What *do* we take with us when we die?




When we die, we take love with us.

Of God, of others - and their love of us.


That is not all we take - but it is the most important thing.

And that we do take love with us is a vital but neglected/ denied/ unexplained fact.


But what kind of a thing is love? -  What are suitable analogies? - More work needed...



Nicholas Fulford said...

At the risk of being self-indulgent, here is a poem I wrote about 7 years ago that may be of some worth.
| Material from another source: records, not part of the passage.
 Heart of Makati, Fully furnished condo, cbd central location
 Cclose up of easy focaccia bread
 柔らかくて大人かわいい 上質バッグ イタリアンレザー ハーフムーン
Death has come and made life real.

The gray of drab November rain,
Clings to my cheeks, like ice tears.
See the quivering of my soul,
Shaking beneath my frozen skin.

A child has died today.
Can you know such dread as touches me?
My son has fallen in the night.
His steps once sure, are silent.

A breath like icy crispness hangs upon his corpse.
The crystals shine as jewels.
But oh, for all the diamonds of the world,
That would I gladly give, and more, for him.

How can I bear the knowledge that shatters all illusion?
Can love break apart the cold and lifeless lips,
And place the warmth of living breath within?
Will the sun ever rise again?

In the darkness, mumbling incoherent mutterings of grief,
Broken and sliced open with shards of desolation,
A drop of love in ocean's sorrowful depths reminds me:
Death has come, and made life real.

JP said...

Drat, I thought the answer was going to be "our iTunes library".

The Crow said...

No. We take nothing at all. We are what we take, and that is nothing. But this nothing is eternal and indestructible. It lives.
Unless by 'love', you mean total equanimity, devoid of any and all emotion.